Contribution of Germline Predisposition Gene Mutations to Breast Cancer Risk in African American Women.

J Natl Cancer Inst 2020 12;112(12):1213-1221

Departments of Health Sciences Research, Laboratory Medicine and Pathology, and Oncology, Mayo Clinic, Rochester, MN 55902, USA.

Background: The risks of breast cancer in African American (AA) women associated with inherited mutations in breast cancer predisposition genes are not well defined. Thus, whether multigene germline hereditary cancer testing panels are applicable to this population is unknown. We assessed associations between mutations in panel-based genes and breast cancer risk in 5054 AA women with breast cancer and 4993 unaffected AA women drawn from 10 epidemiologic studies.

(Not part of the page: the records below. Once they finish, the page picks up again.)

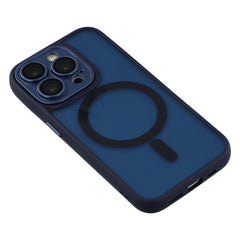 For iPhone 13 Pro Case Compatible with MagSafe PC + TPU Matte Phone Cover with Glass Lens Film - TechGearPal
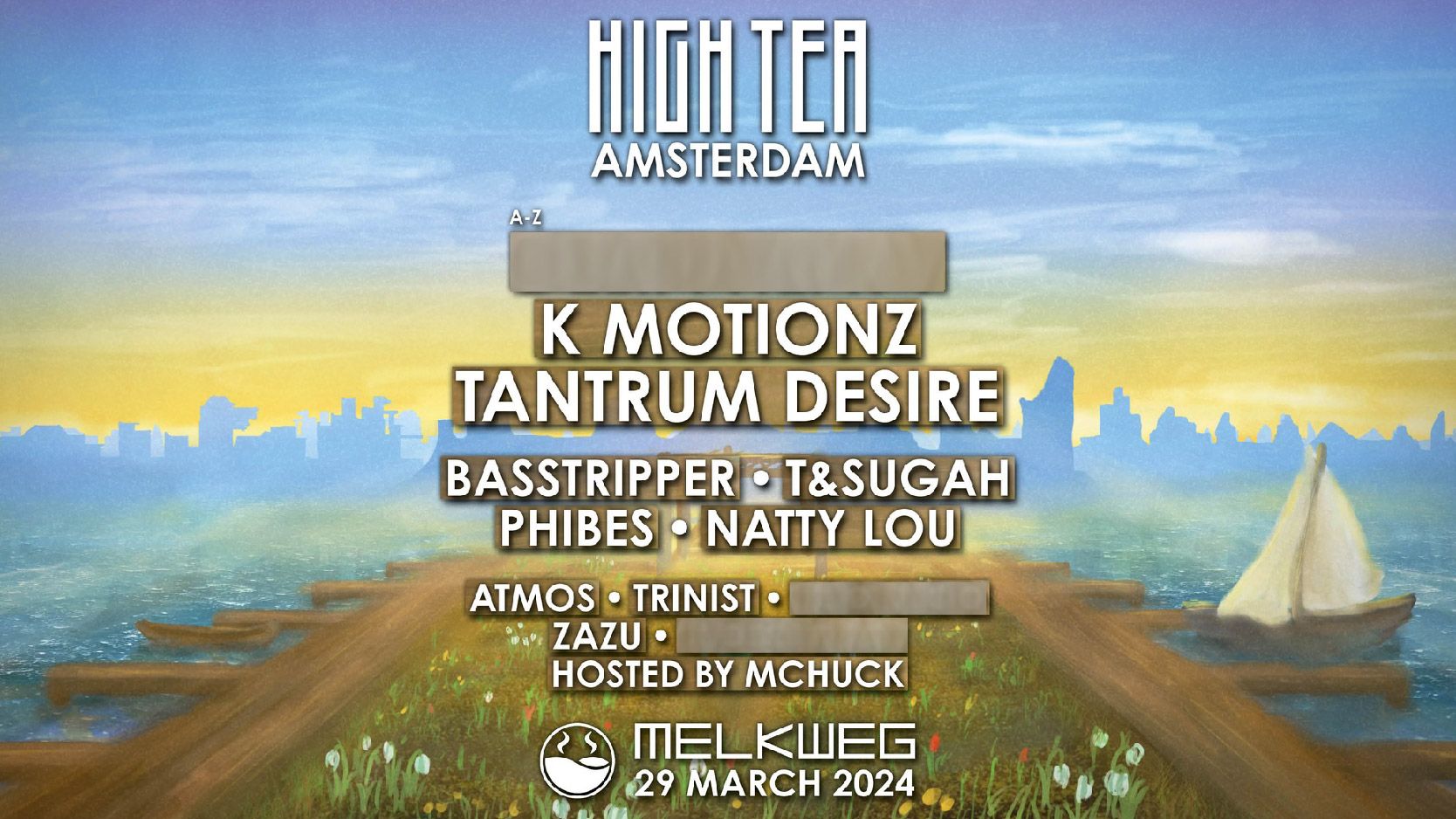 HIGH TEA - Amsterdam cover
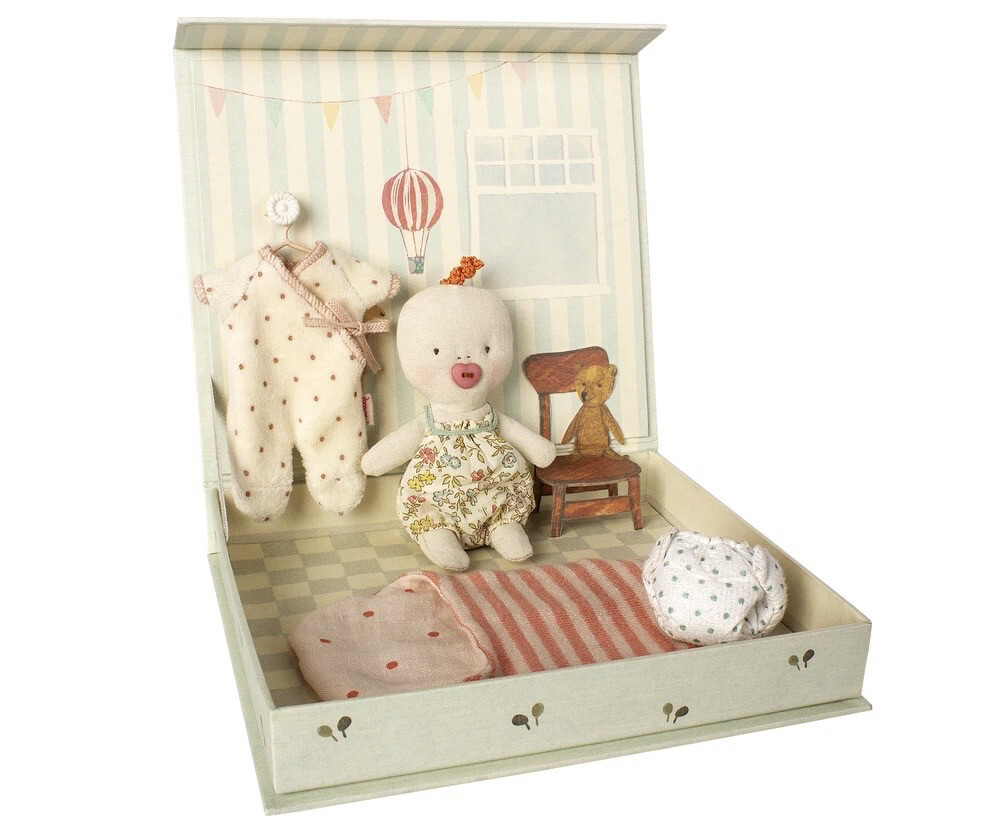 Maileg Ginger Baby Set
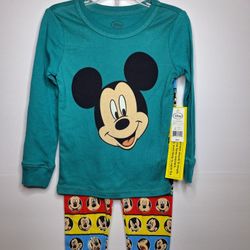 Disney Mickey Mouse Pajamas Size 4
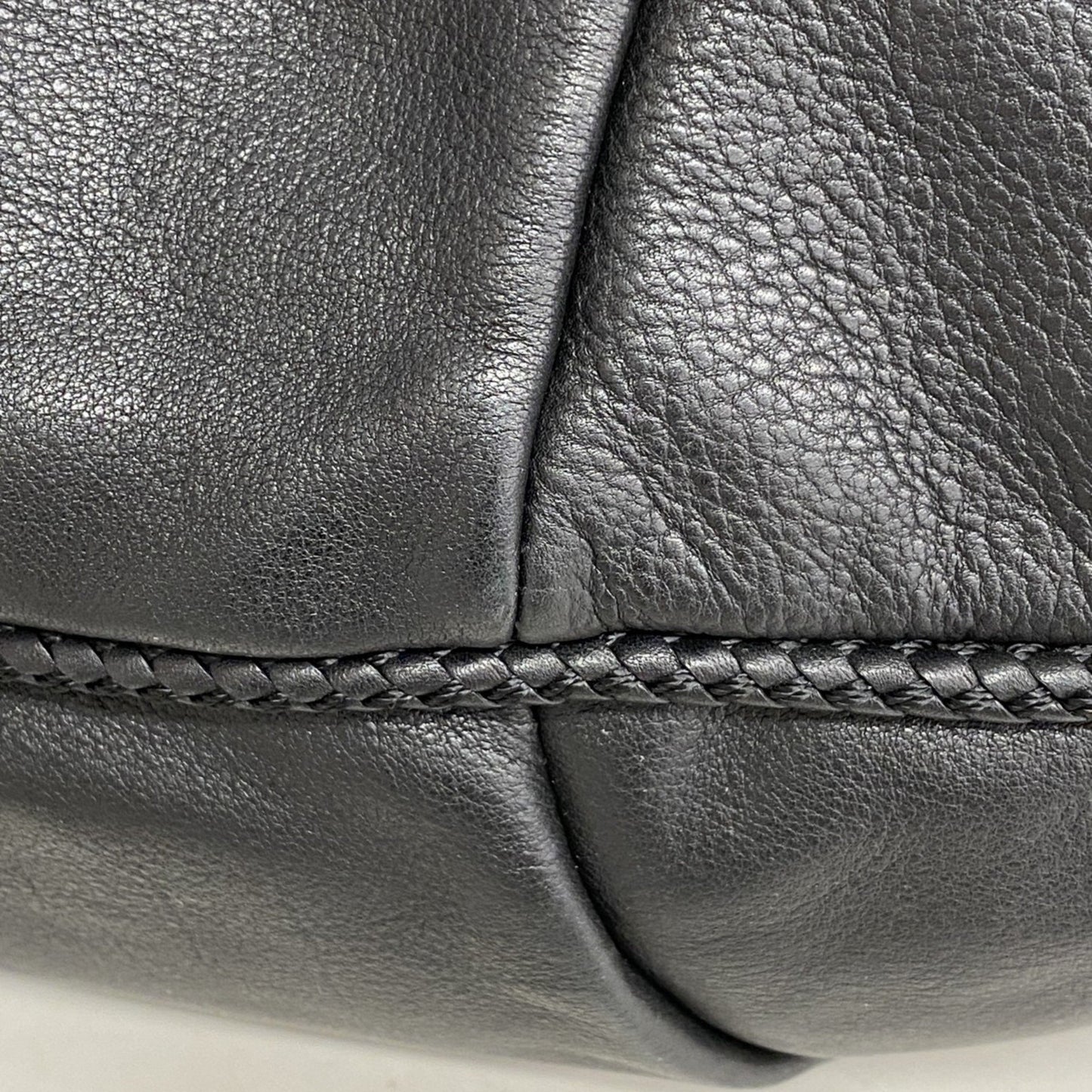 Gucci Marrakech Shoulder Bag 257029 Leather Black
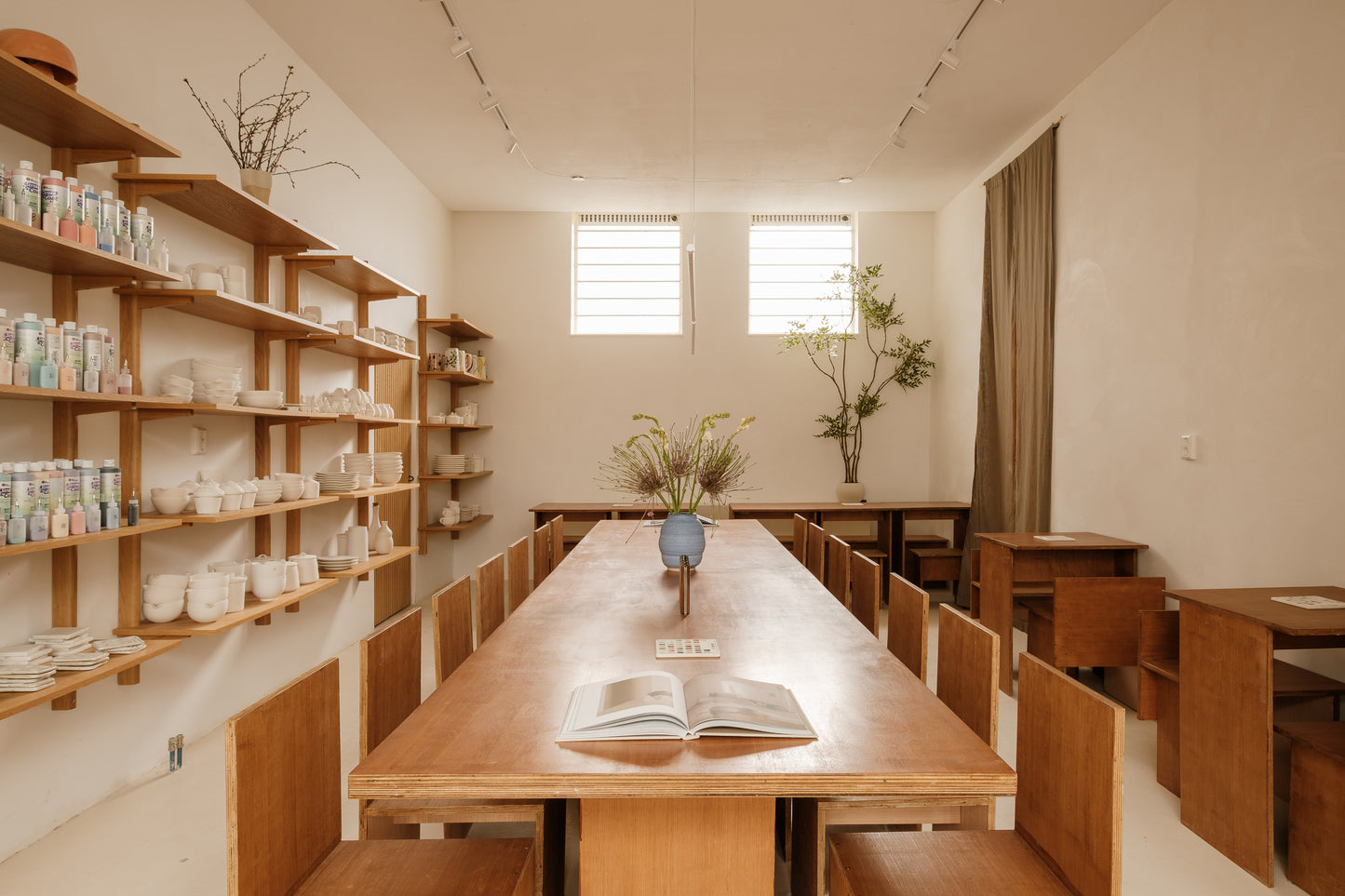 Our studio space
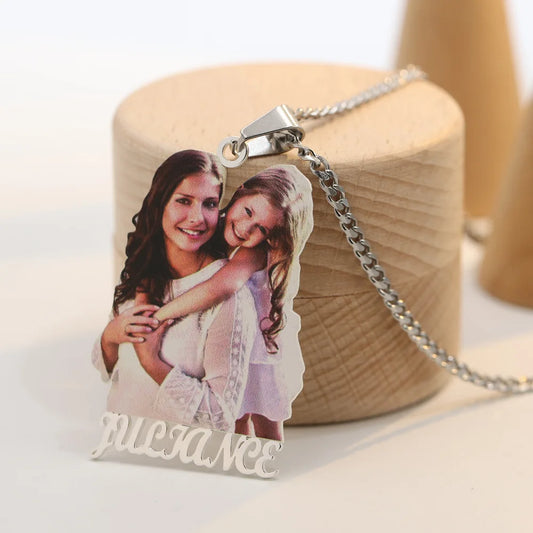 Personalized Necklace Name Cartoon Character Necklaces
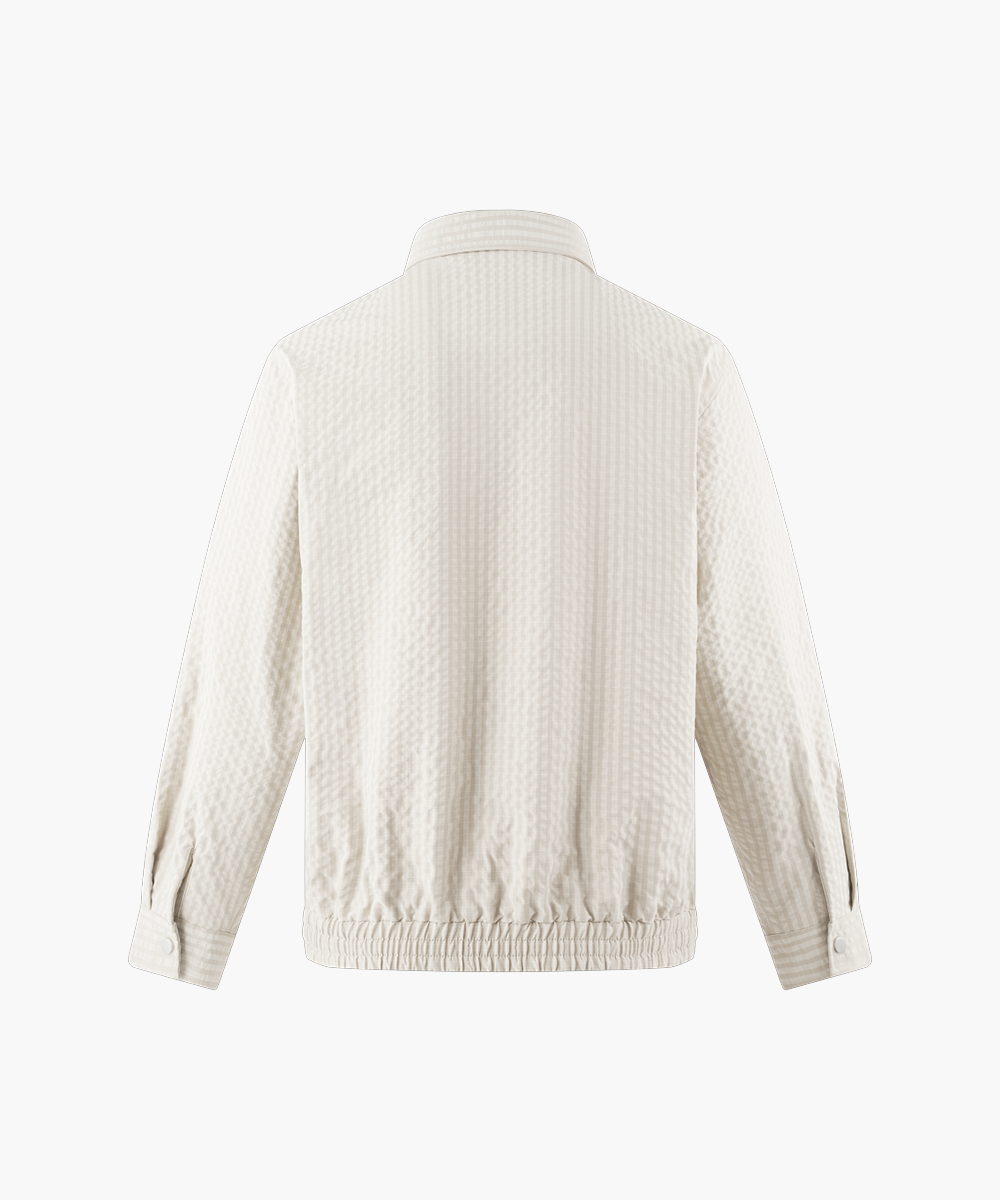 Plaid Chore Jacket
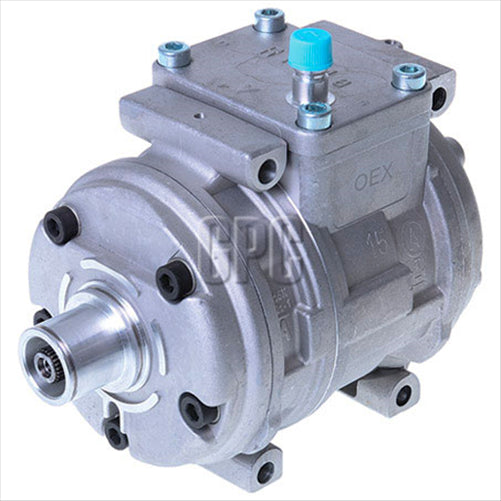 Air Conditioning Compressor 12V Direct Mount Denso 10PA15C Style CXD0001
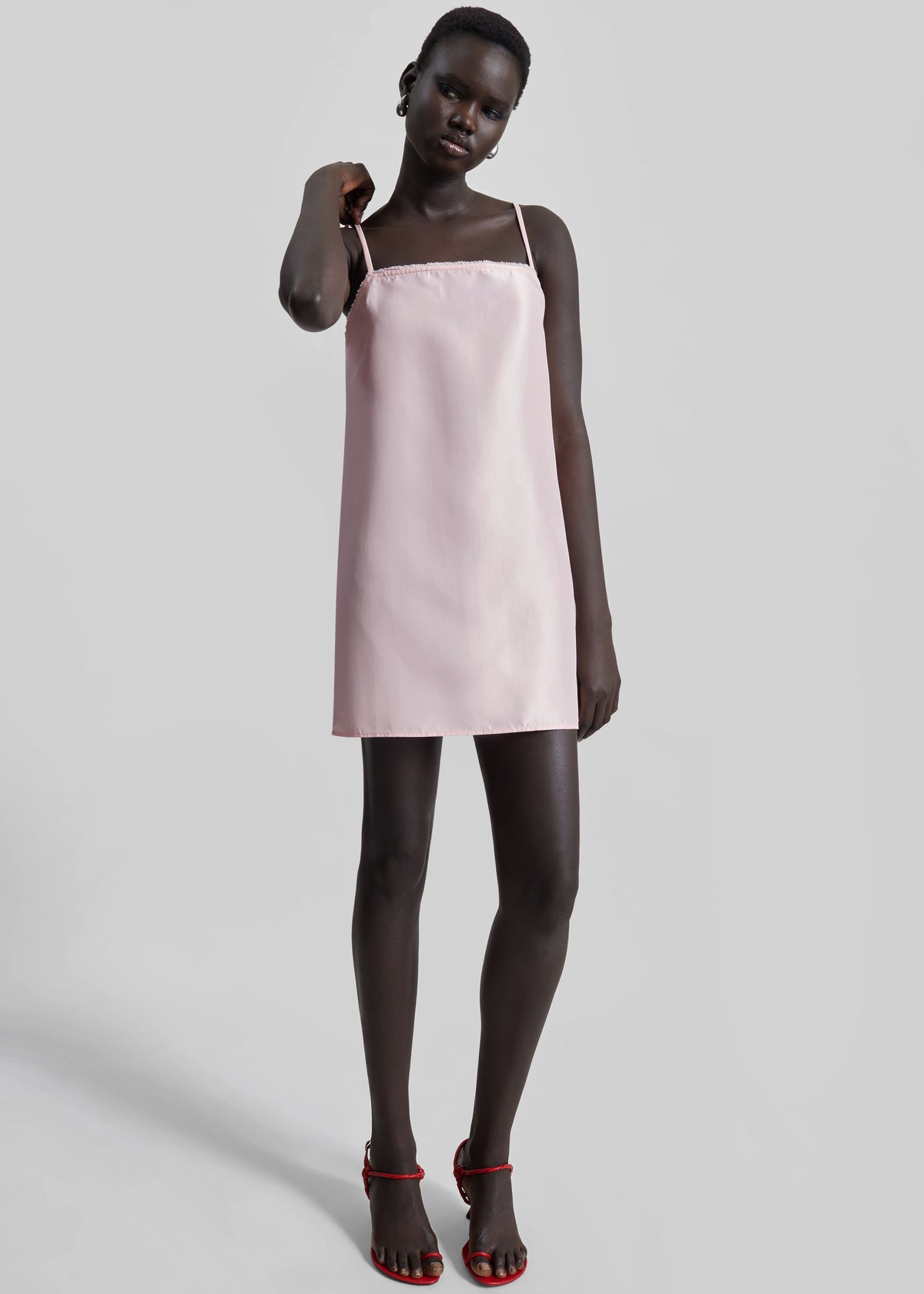 Matin Satin Mini Dress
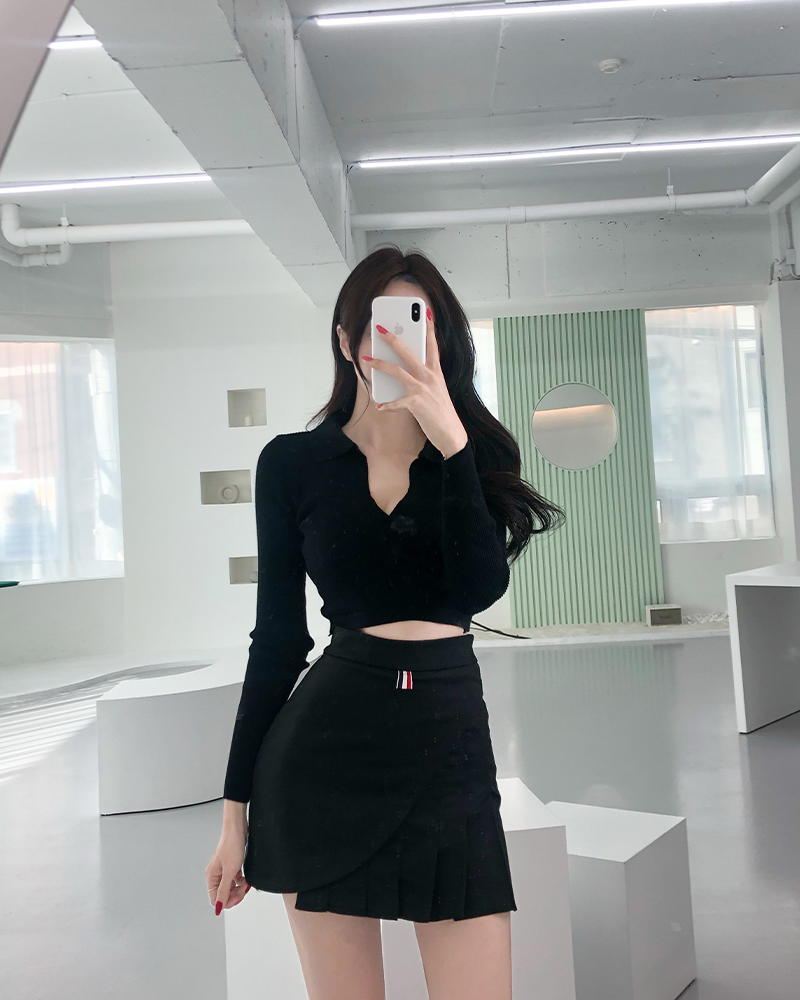 [new sale!/당일출고] mind skirt (3color/2size!)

Methods: Germline DNA samples were sequenced for mutations in 23 cancer predisposition genes using a QIAseq multiplex amplicon panel. Prevalence of mutations and odds ratios (ORs) for associations with breast cancer risk were estimated with adjustment for study design, age, and family history of breast cancer.

Results: Pathogenic mutations were identified in 10.3% of women with estrogen receptor (ER)-negative breast cancer, 5.2% of women with ER-positive breast cancer, and 2.3% of unaffected women. Mutations in BRCA1, BRCA2, and PALB2 were associated with high risks of breast cancer (OR = 47.55, 95% confidence interval [CI] = 10.43 to >100; OR = 7.25, 95% CI = 4.07 to 14.12; OR = 8.54, 95% CI = 3.67 to 24.95, respectively). RAD51D mutations were associated with high risk of ER-negative disease (OR = 7.82, 95% CI = 1.61 to 57.42). Moderate risks were observed for CHEK2, ATM, ERCC3, and FANCC mutations with ER-positive cancer, and RECQL mutations with all breast cancer.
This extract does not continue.